How Do BC Courts Determine Fault for a Crash?: The "But For" Test


When suing someone for damages as a result of a BC motor vehicle collision it is important to understand how our Courts establish who is at fault.
BC Courts must, in most circumstances, use the “but for” test.  In the most basic terms, a driver has to exhibit some level of carelessness.  From there a Judge (or Jury) must ask themselves if “but for the carelessness the collision would not have occurred“.  If the answer is yes then the careless party must be found, at least partially, to blame for the accident.  This week the BC Court of Appeal discussed this area of law.
In this week’s case (Skinner v. Fu) the Defendant was driving a vehicle on a well travelled BC highway and came to a stop because a dead animal was in his lane.  It was dark and the Defendant remained stopped for a period of time.  The speed limit was 90 kilometers per hour.  He did not activate his brake lights or emergency flashers.  The Plaintiff, approaching from the same direction of travel, failed to realize that the Defendant’s vehicle was stationary and this resulted in a rear-end collision.
The Plaintiff sued for damages.  His claim was dismissed at trial with the Judge holding that while the Defendant was careless his carelessness was not the ‘proximate cause‘ of the crash.  (You can click here to read article discussing the trial judgement) The Plaintiff appealed and succeeded.  The BC High Court ordered a new trial finding that the trial Judge failed to use the “but for” test in determining fault.  In ordering a new trial the BC Court of Appeal set out the following useful discussion on the issue of fault for BC Motor Vehicle Collisions:

[16]         I now turn to the legal test to establish causation.  In Resurfice Corp. v. Hanke, [2007] 1 S.C.R. 333, 2007 SCC 7, the Supreme Court of Canada reaffirmed that the default test to establish causation in a negligence analysis remains the “but for” test.  The question is whether, but for the defendant’s breach of the standard of care, would the plaintiff have suffered damage?  At para. 21 of Resurfice, the Chief Justice said:

First, the basic test for determining causation remains the “but for” test.  This applies to multi-cause injuries.  The plaintiff bears the burden of showing that “but for” the negligent act or omission of each defendant, the injury would not have occurred.  Having done this, contributory negligence may be apportioned, as permitted by statute.

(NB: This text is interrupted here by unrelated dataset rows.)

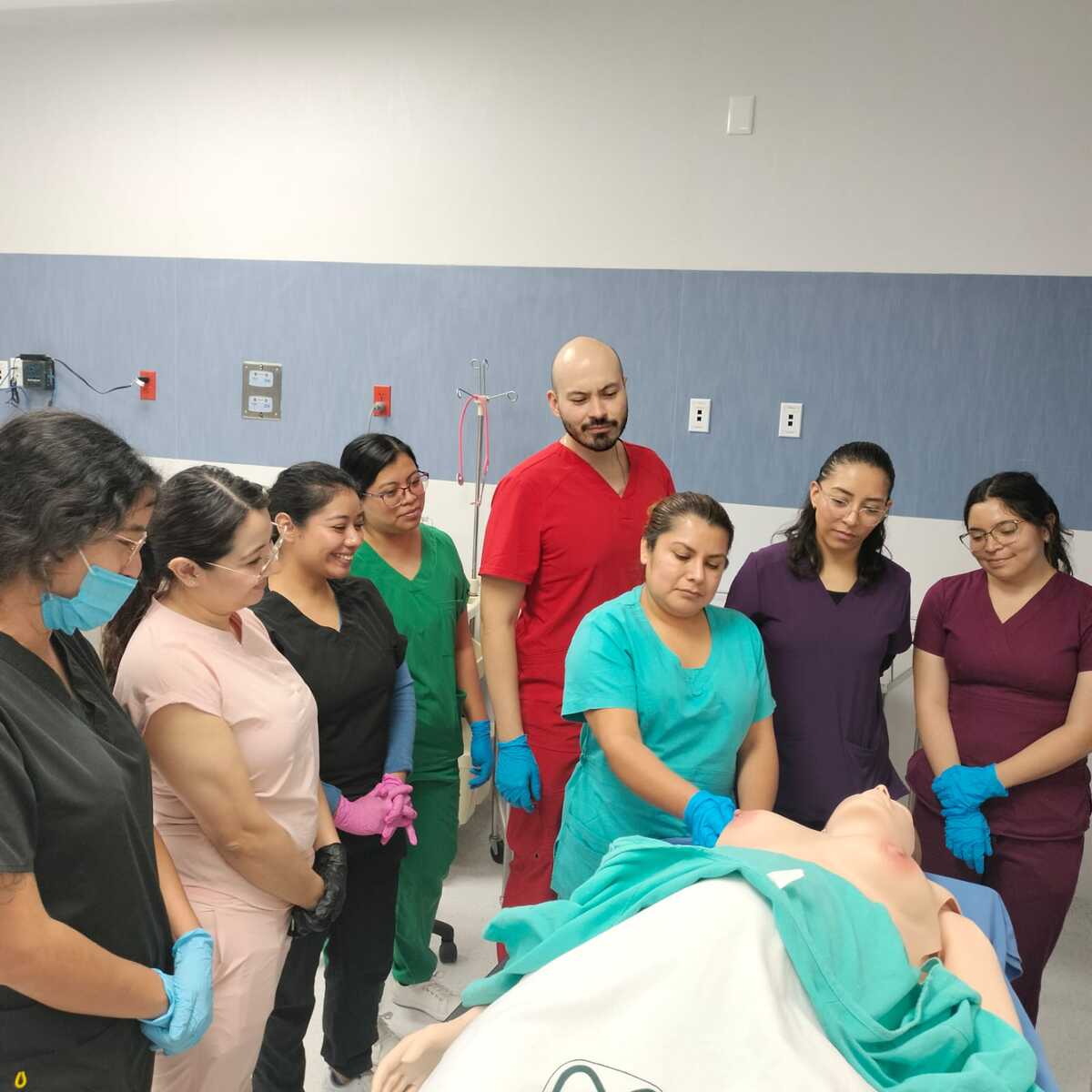 Buscan mejorar el diagnóstico oportuno mediante la simulación | Foto: Especial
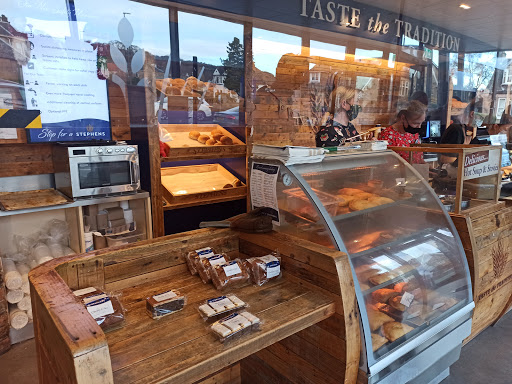 Stephens Bakery - Causewayhead - Thumbnail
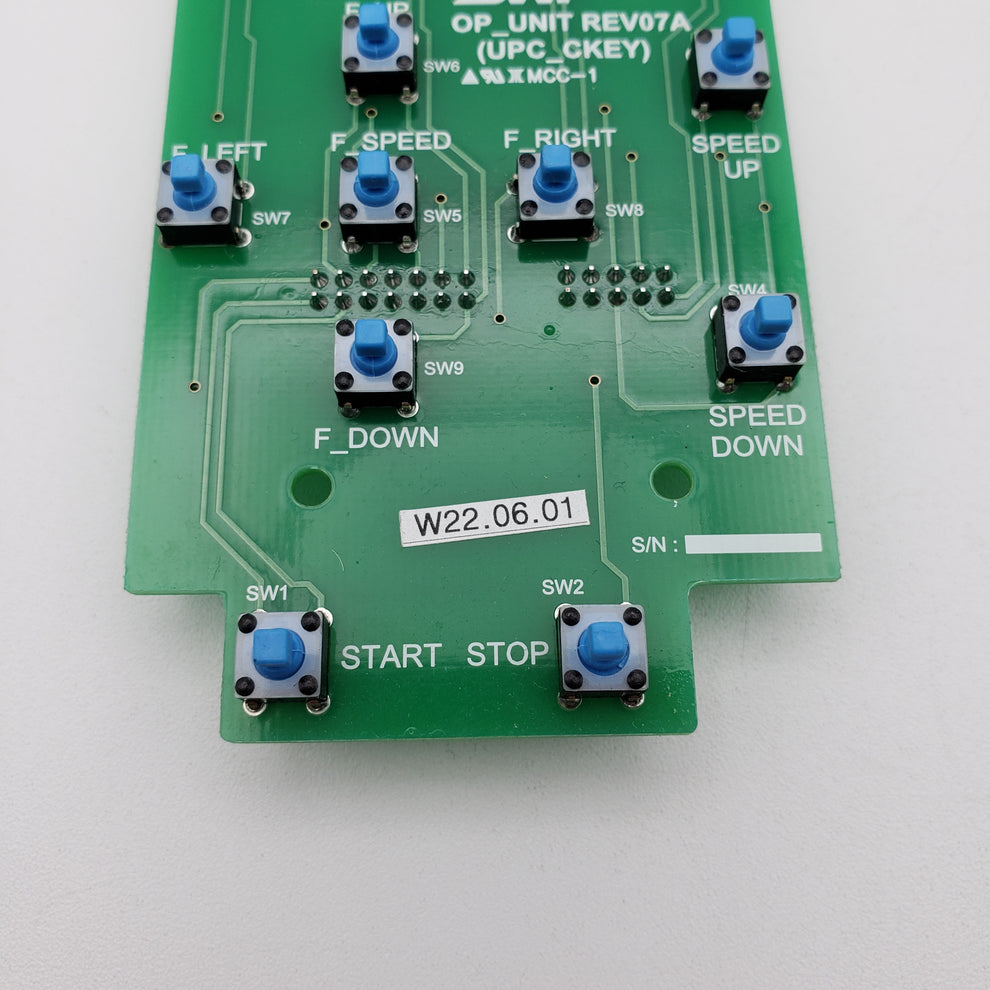 SWF_OP_UNIT REV07A (UPC_CKEY) B/D 6.5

[17]         The Supreme Court’s articulation of the “but for” test might usefully be contrasted with the judge’s analysis, in this case, in which he posed the following question at para. 9:

… In determining the issue of liability for the accident, I must determine whether the negligence of the defendant was the proximate cause or materially contributed to the occurrence of the collision.

[18]         In my view the judge erred in the way he framed the analysis.  “Proximate cause” or “effective cause” are sometimes confusing terms.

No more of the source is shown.